## WORK ITEM
Each line from the top of the listing down to and including the line with "Aristolochia elegans tohumu" must be duplicated exactly; pictures are to be skipped.

## RECORDS SHOWN
-------
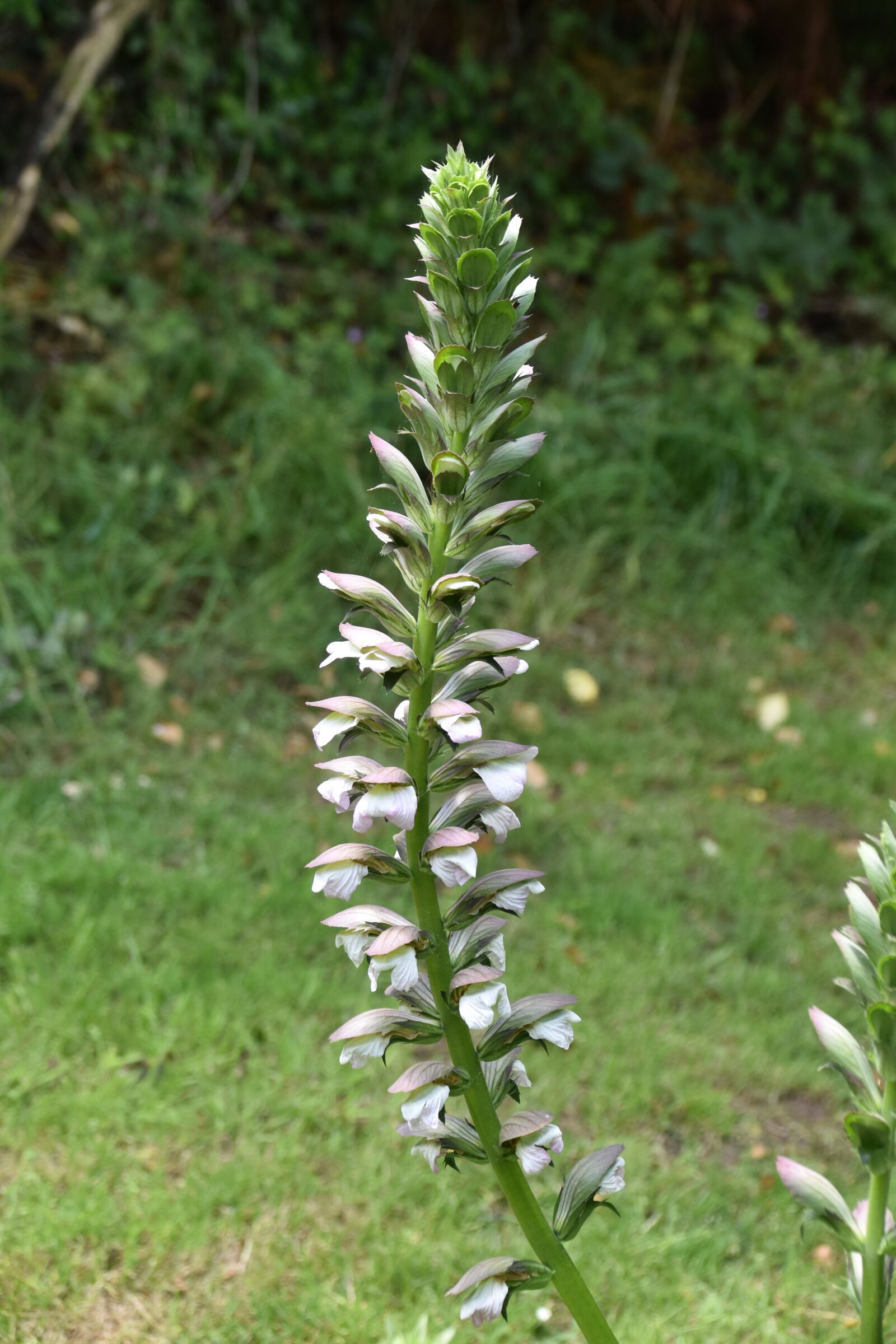Nikon D5600 sample photo. Plant, flowers, white flowers photography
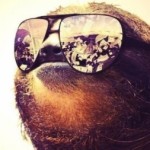Profile picture of Jacob Santos-Marques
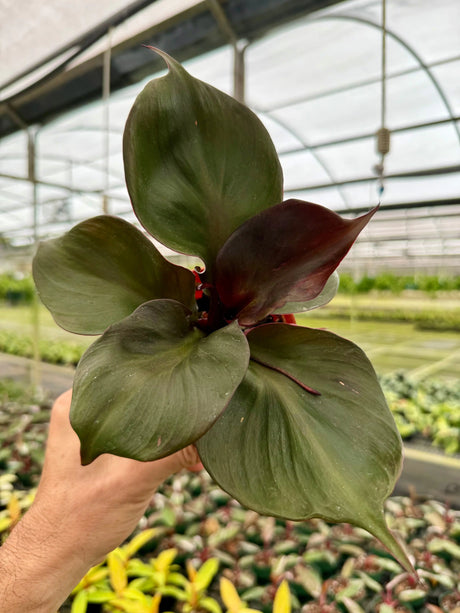 4" Philodendron ‘Red Heart’ - Canopy Plant Co.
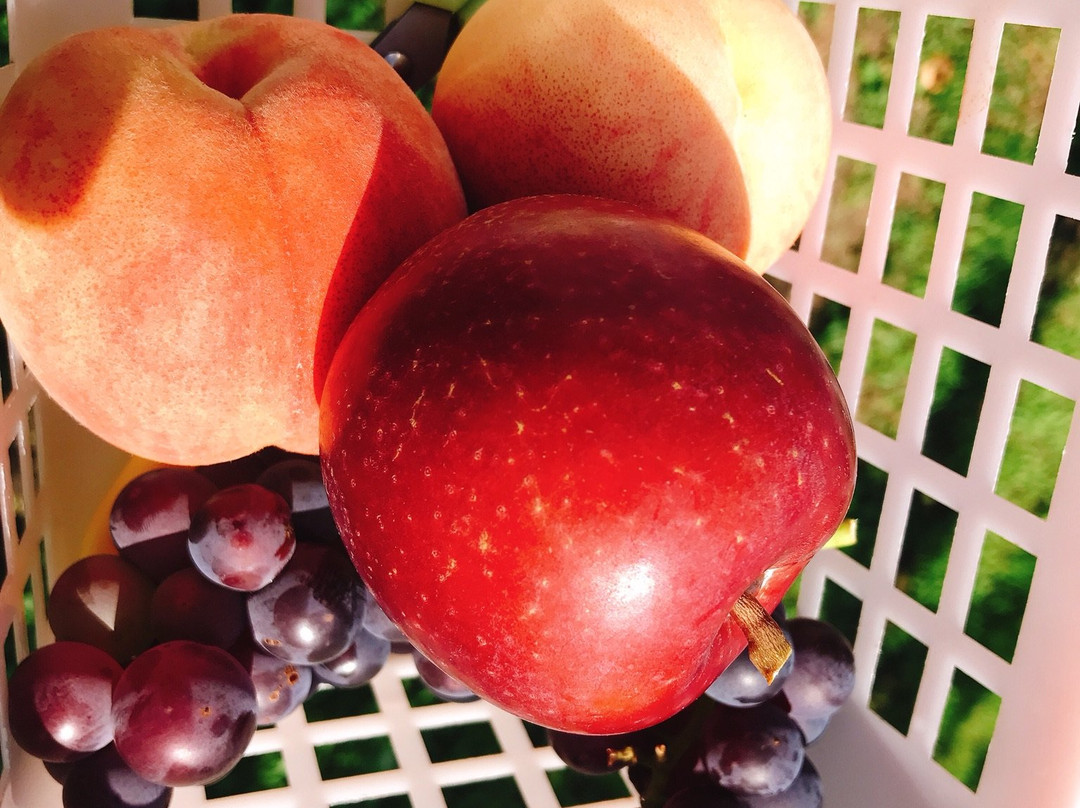 Nitori Kanko Fruits Farm-余市町必去景点
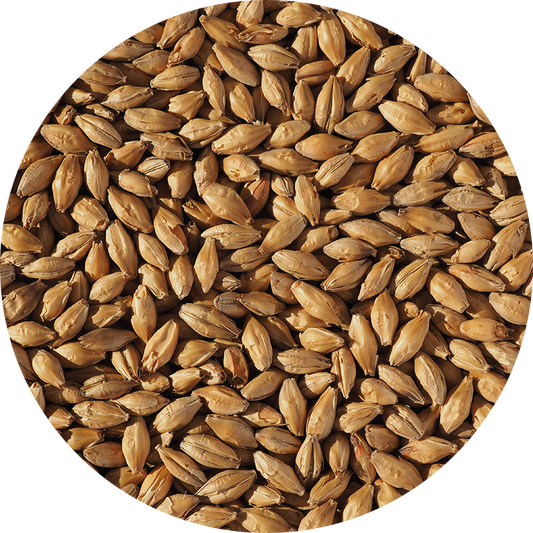 Malt-Single_Light-Munich-Malt-796-x-796.png
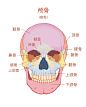 教材插画｜系统解剖学图谱重绘4 颅骨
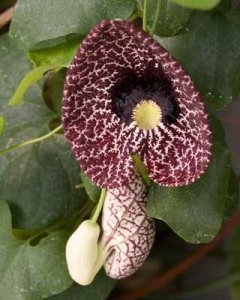 Aristolochia elegans tohumu pipo sarmaşığı pelikan çiçekli sarıcı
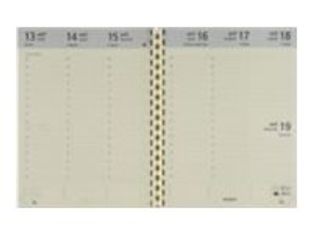 Recharge pour agenda Optivision Large - 17,1 x 22 cm - Brepols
-------
## SOLUTION BELOW
Nikon D5600 sample photo. Plant, flowers, white flowers photography
Profile picture of Jacob Santos-Marques
 4" Philodendron ‘Red Heart’ - Canopy Plant Co.
 Nitori Kanko Fruits Farm-余市町必去景点
 Malt-Single_Light-Munich-Malt-796-x-796.png
 教材插画｜系统解剖学图谱重绘4 颅骨
 Aristolochia elegans tohumu pipo sarmaşığı pelikan çiçekli sarıcı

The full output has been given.